● **Activity**
What should be copied is the stretch of entries below from the line with "Sony PCM-7030 Professional" up to and including the line with "American Eagle animal", exactly and without images.

● **Task input**
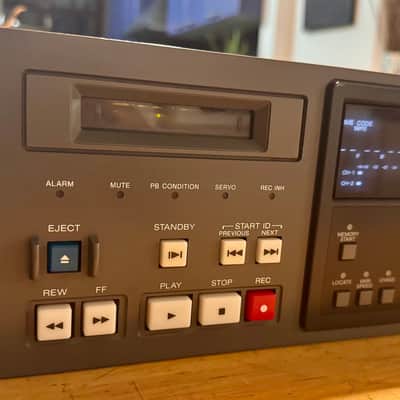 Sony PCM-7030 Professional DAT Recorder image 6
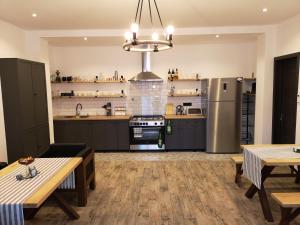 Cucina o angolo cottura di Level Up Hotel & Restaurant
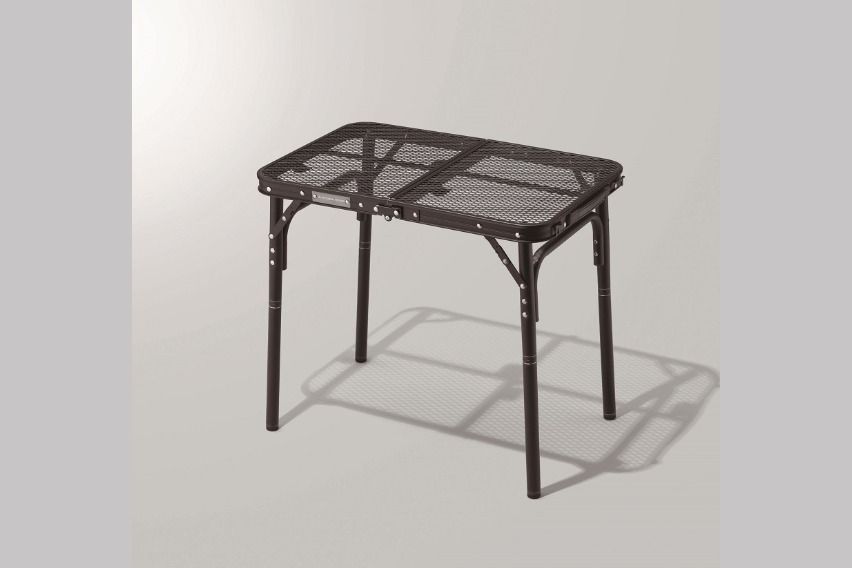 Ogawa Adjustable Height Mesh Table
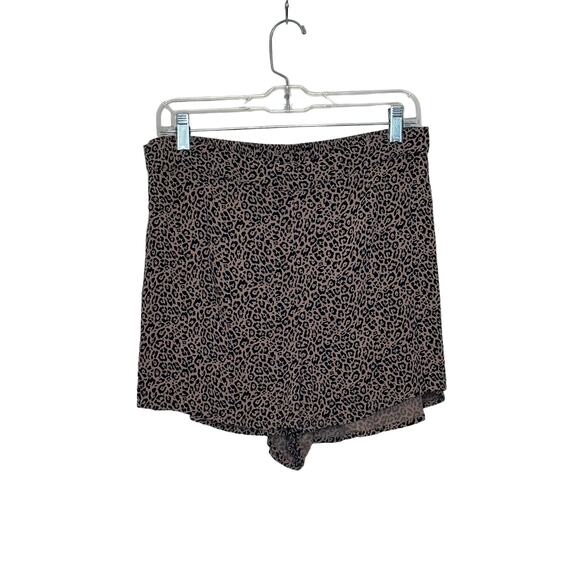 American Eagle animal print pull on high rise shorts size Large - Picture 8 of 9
--
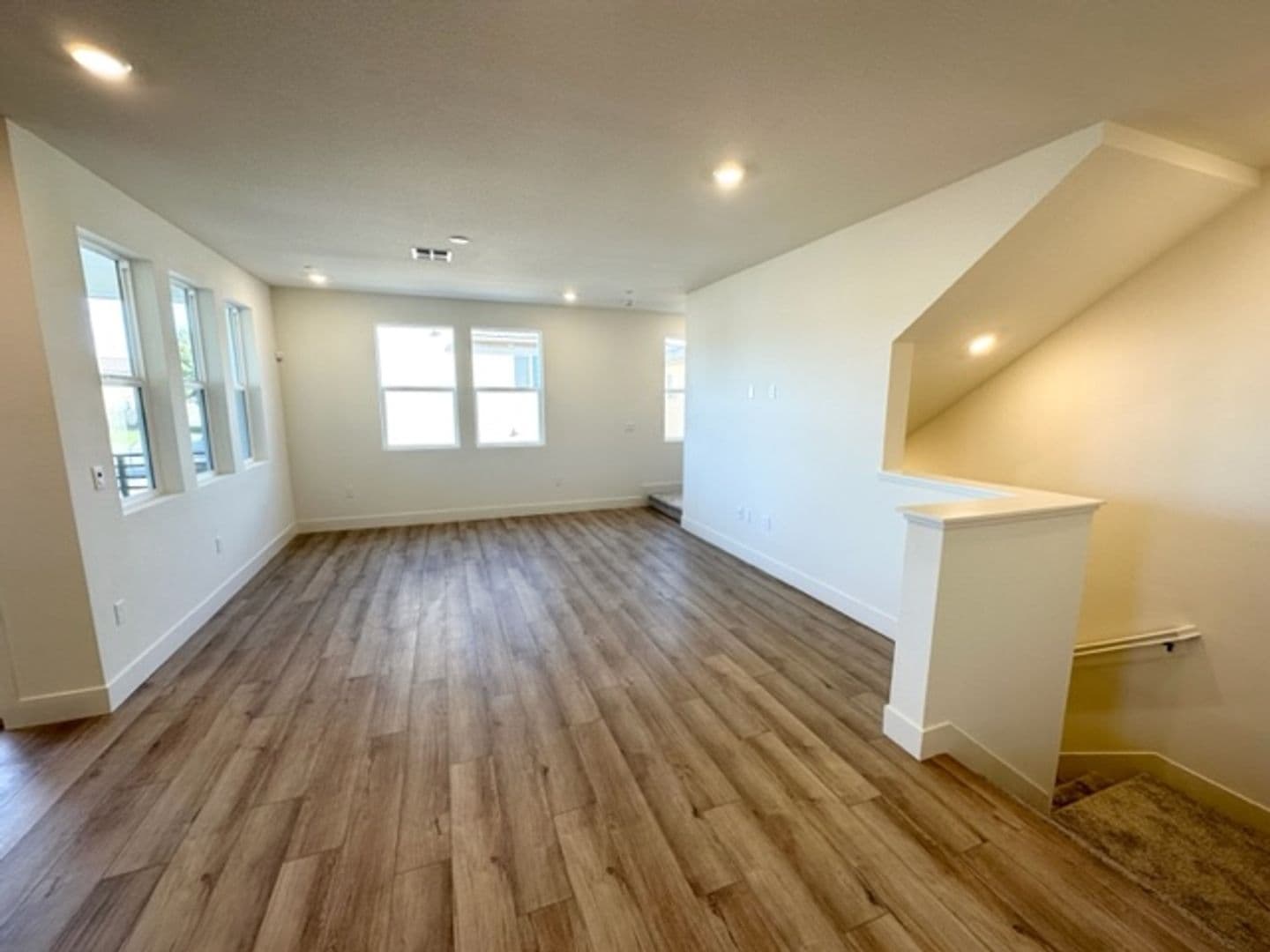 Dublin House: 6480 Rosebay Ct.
...
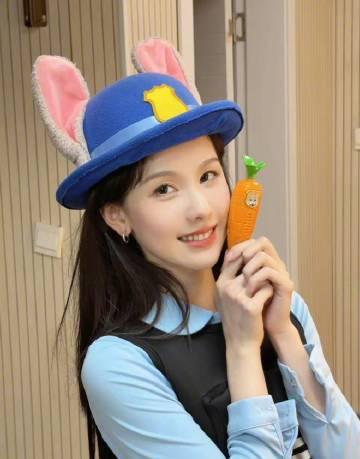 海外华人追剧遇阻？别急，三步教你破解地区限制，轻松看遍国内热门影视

● **Response box**
 Sony PCM-7030 Professional DAT Recorder image 6
 Cucina o angolo cottura di Level Up Hotel & Restaurant
 Ogawa Adjustable Height Mesh Table
 American Eagle animal print pull on high rise shorts size Large - Picture 8 of 9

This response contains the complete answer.